HOW TO COMPLETE THIS TASK: A faithful copy of all the data is required; pictures should not be included.

RAW DATA:
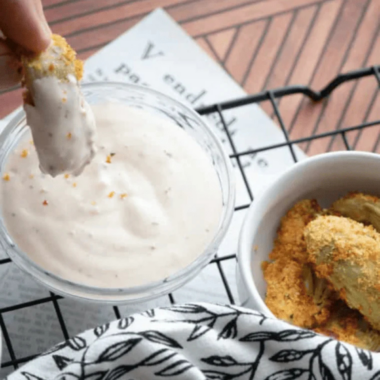 Burger King ranch sauce copycat in a small dipping cup next to crispy fries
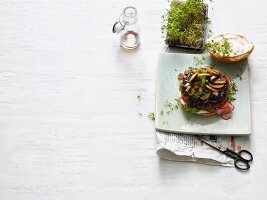 A teriyaki burger with mushrooms, spring onion and cress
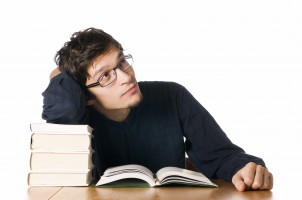 Young man studying on books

COMPLETED TASK:
 Burger King ranch sauce copycat in a small dipping cup next to crispy fries
 A teriyaki burger with mushrooms, spring onion and cress
 Young man studying on books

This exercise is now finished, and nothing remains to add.